The market has experienced a whirlwind of news this week, including assassination attempts, potential changes in presidential candidates, global technology outages, and mixed economic data that indicates a “resilient” consumer but a weakening labor market. Amid these events, attention shifts to the VIX futures curve, offering traders insight into expected volatility over the coming months following a seasonally strong July.

As of this morning, the VIX curve is in backwardation when comparing the spot VIX to the August VIX (/VXQ24) futures contracts. Backwardation occurs when front-month contracts or spot market prices are higher than those of further-dated contracts, signaling near-term uncertainty and potential heightened volatility, as observed in recent trading sessions. Typically, the VIX futures curve is in contango, meaning that further-dated contracts trade at higher levels due to greater uncertainty over time. If backwardation persists, the market should prepare for continued choppy action as several technical levels have been violated.
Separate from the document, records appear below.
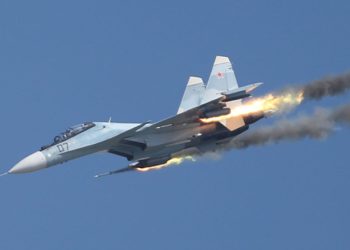 Oboren ruski lovac Su-30 u dramatičnoj operaciji na Crnom moru (Video)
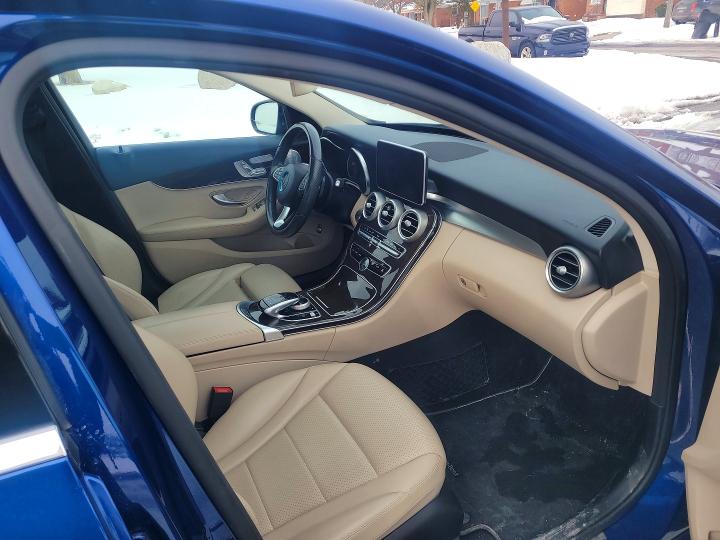 76614405 :رقم المزاد ، 55SWF4KB2JU260741 vin ، 2018 Mercedes-benz C 300 4mat مزاد بيع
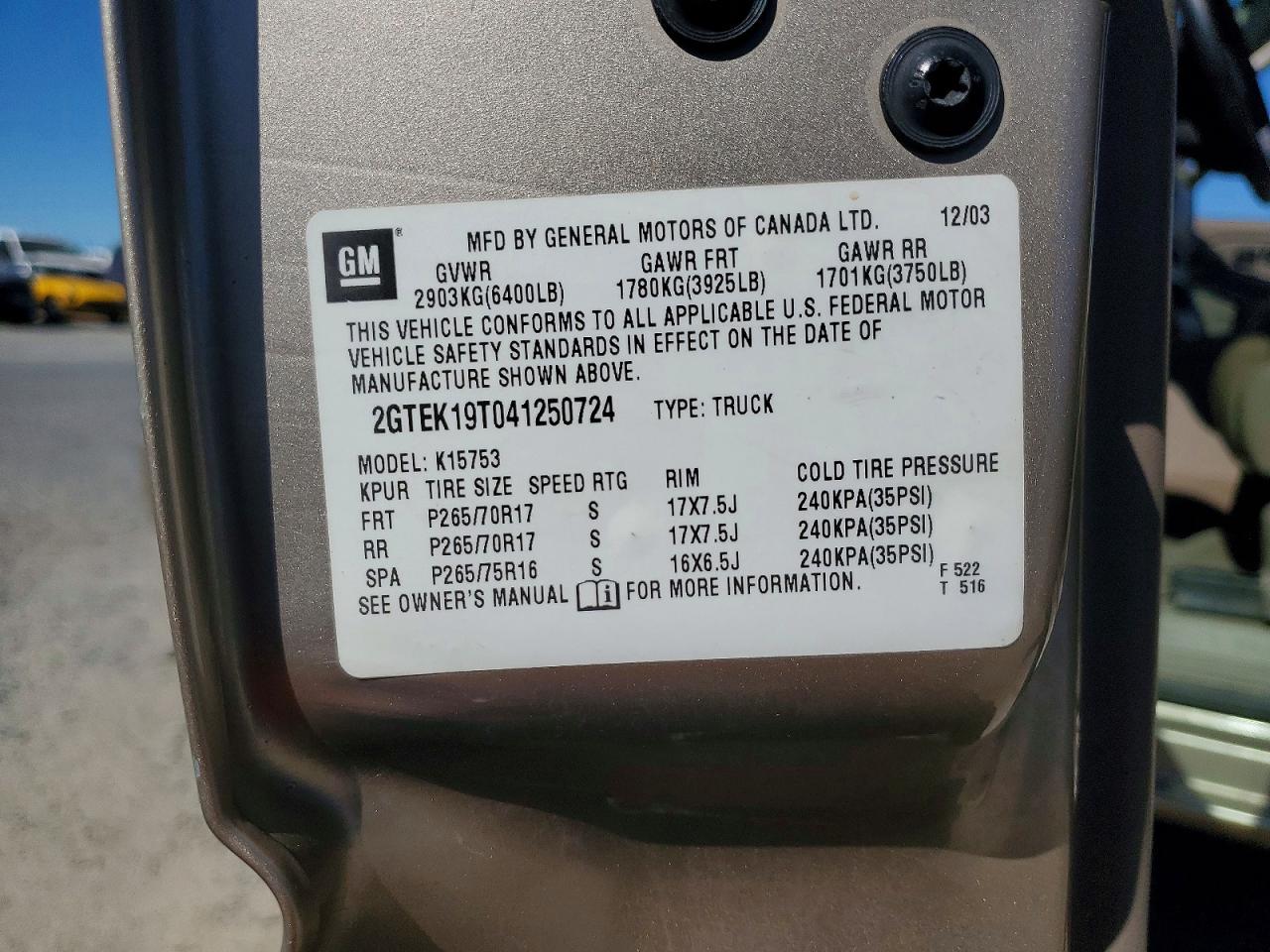 2004 GMC SIERRA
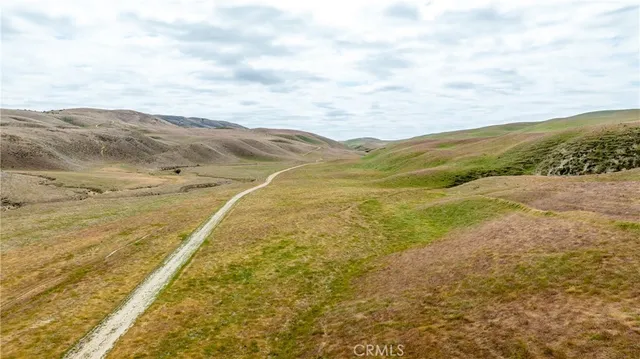 $8,311,875 | 8050 Bitterwater Road, Shandon, CA 93461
Another key factor to monitor is the October VIX (/VXV24) contract, which has been trading at elevated levels compared to near-term and further-dated contracts, pricing in the upcoming election. Despite the uncertainty, the contract is pricing in a daily implied move of approximately 1.13%, which some may argue is relatively low given the circumstances. Additionally, the January 2025 VIX contract (/VXF25) has recently started to price in heightened volatility, coinciding with the congressional certification of the election and the inauguration—an event not previously priced in before this week.

Unless the VIX begins to normalize, near-term market volatility may persist. Keep an eye on the long end of the curve to gauge institutional pricing and hedging due to event risk.